According to standard ACMG guidelines, the rule for PP5 is: "Supporting: Reputable source reports variant as pathogenic." The evidence for this variant shows ClinVar reports it as VUS. Therefore, PP5 is not applied.

BA1

BA1 (Not Applied)

According to VCEP guidelines, the rule for BA1 is: "Stand Alone: gnomAD v4 MAF ≥0.28%." The evidence for this variant shows MAF=0.0177%, below threshold. Therefore, BA1 is not applied.

BS1

BS1 (Not Applied)

According to VCEP guidelines, the rule for BS1 is: "Strong: gnomAD v4 MAF ≥0.01% and <0.1%." The evidence for this variant shows a maximum MAF of 0.157% in South Asians, exceeding 0.1%. Therefore, BS1 is not applied.

BS2

BS2 (Not Applied)

According to VCEP guidelines, the rule for BS2 is: "Strong: Observed in trans with a pathogenic variant in a healthy adult." The evidence for this variant shows no such co-occurrence data. Therefore, BS2 is not applied.

BS3

BS3 (Not Applied)

According to VCEP guidelines, the rule for BS3 is: "Strong: Calibrated functional assays showing no functional impact (odds ≤0.05)." The evidence for this variant shows no functional assays. Therefore, BS3 is not applied.

BS4

BS4 (Not Applied)

According to standard ACMG guidelines, the rule for BS4 is: "Strong: Lack of co-segregation in affected family members." The evidence for this variant shows no segregation data.
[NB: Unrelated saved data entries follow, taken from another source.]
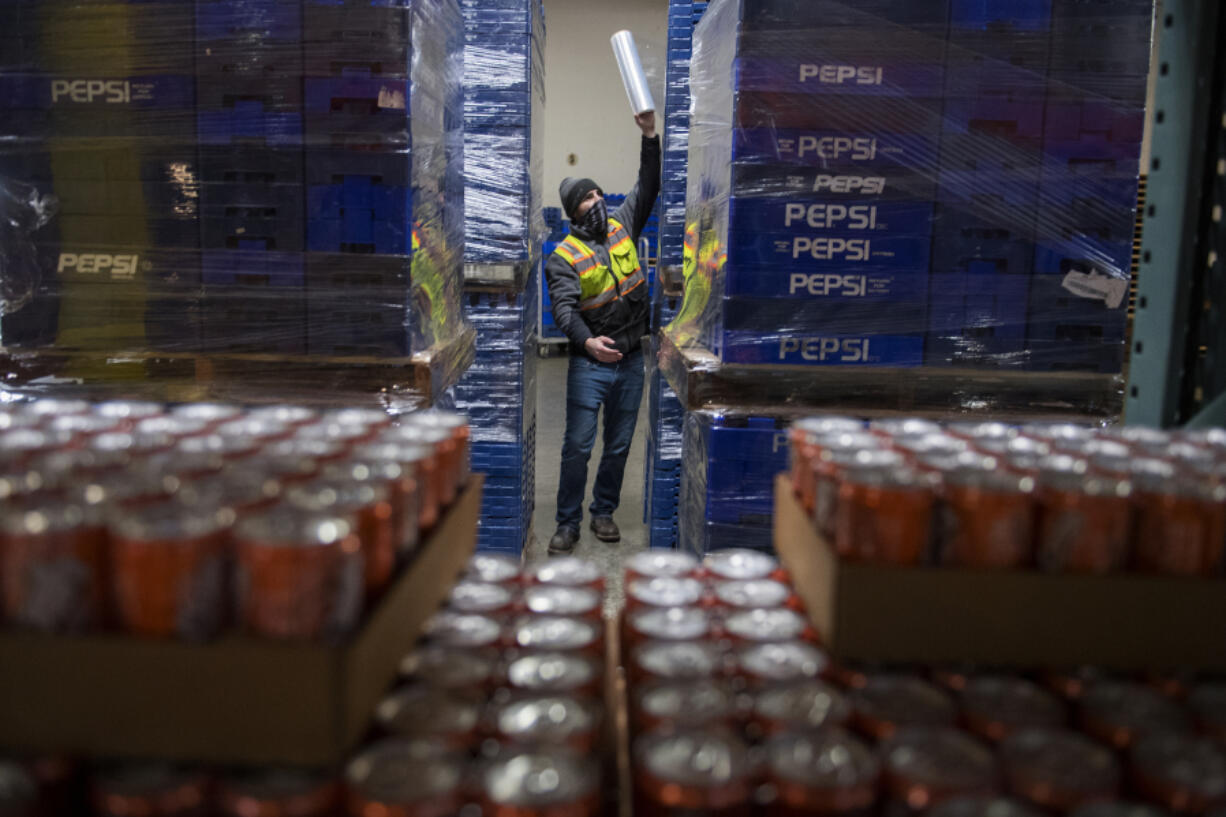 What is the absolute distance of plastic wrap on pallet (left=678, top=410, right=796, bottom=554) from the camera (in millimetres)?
3516

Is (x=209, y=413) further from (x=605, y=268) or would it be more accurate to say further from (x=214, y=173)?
(x=605, y=268)

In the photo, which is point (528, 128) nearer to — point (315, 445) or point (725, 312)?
point (725, 312)

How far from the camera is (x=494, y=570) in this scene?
1.90m

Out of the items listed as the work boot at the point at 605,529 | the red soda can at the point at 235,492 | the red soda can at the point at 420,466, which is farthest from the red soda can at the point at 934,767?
the work boot at the point at 605,529

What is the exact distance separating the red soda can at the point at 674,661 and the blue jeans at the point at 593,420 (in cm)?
423

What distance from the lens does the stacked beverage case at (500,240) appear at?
5047 millimetres

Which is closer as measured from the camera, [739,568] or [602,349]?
[739,568]

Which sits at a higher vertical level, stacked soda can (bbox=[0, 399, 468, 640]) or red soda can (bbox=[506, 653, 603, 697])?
stacked soda can (bbox=[0, 399, 468, 640])

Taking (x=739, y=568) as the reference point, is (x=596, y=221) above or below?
above

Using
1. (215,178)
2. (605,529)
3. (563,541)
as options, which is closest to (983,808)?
(215,178)

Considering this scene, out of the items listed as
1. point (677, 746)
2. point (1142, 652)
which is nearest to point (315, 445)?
point (677, 746)

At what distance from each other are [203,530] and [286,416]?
79cm

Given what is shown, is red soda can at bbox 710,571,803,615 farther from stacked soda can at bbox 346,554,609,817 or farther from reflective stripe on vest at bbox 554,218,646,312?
reflective stripe on vest at bbox 554,218,646,312

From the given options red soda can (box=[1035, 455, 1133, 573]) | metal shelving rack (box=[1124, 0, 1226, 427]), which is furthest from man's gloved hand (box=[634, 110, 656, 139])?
red soda can (box=[1035, 455, 1133, 573]) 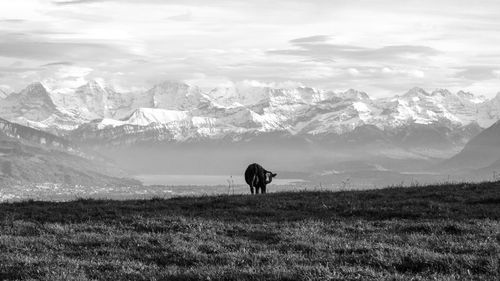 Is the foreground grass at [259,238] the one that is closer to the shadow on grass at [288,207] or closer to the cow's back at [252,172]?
the shadow on grass at [288,207]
Therefore, BS4 is not applied.

BP1

BP1 (Supporting)

According to standard ACMG guidelines, the rule for BP1 is: "Supporting: Missense variant in a gene where truncating variants are the known mechanism of disease." The evidence for this variant shows PMS2 disease mechanism is loss-of-function and this is a missense change. Therefore, BP1 is applied at Supporting strength.

BP2

BP2 (Not Applied)

According to standard ACMG guidelines, the rule for BP2 is: "Supporting: Observed in trans with a pathogenic variant for a dominant disorder or in cis with a pathogenic variant." The evidence for this variant shows no such data. Therefore, BP2 is not applied.

BP3

BP3 (Not Applied)

According to standard ACMG guidelines, the rule for BP3 is: "Supporting: In-frame indel in a repetitive region without known function." The evidence for this variant shows it is a missense change. Therefore, BP3 is not applied.

BP4

BP4 (Supporting)

According to VCEP guidelines, the rule for BP4 is: "Supporting: SpliceAI predicts no impact with delta ≤0.1 or MAPP/PP2 prior <0.11." The evidence for this variant shows SpliceAI delta=0.01 indicating no splicing impact. Therefore, BP4 is applied at Supporting strength.

BP5

BP5 (Not Applied)

According to VCEP guidelines, the rule for BP5 is: "Supporting: Tumor data showing inconsistent loss of MMR protein on tumors with MSS or BRAF/MLH1 methylation patterns." The evidence for this variant shows no tumor data. Therefore, BP5 is not applied.

BP6

BP6 (Not Applied)

According to standard ACMG guidelines, the rule for BP6 is: "Supporting: Reputable source reports variant as benign." The evidence for this variant shows ClinVar reports it as VUS. Therefore, BP6 is not applied.

BP7

BP7 (Not Applied)

According to standard ACMG guidelines, the rule for BP7 is: "Supporting: Synonymous or intronic variant without splicing impact." The evidence for this variant shows it is missense. Therefore, BP7 is not applied.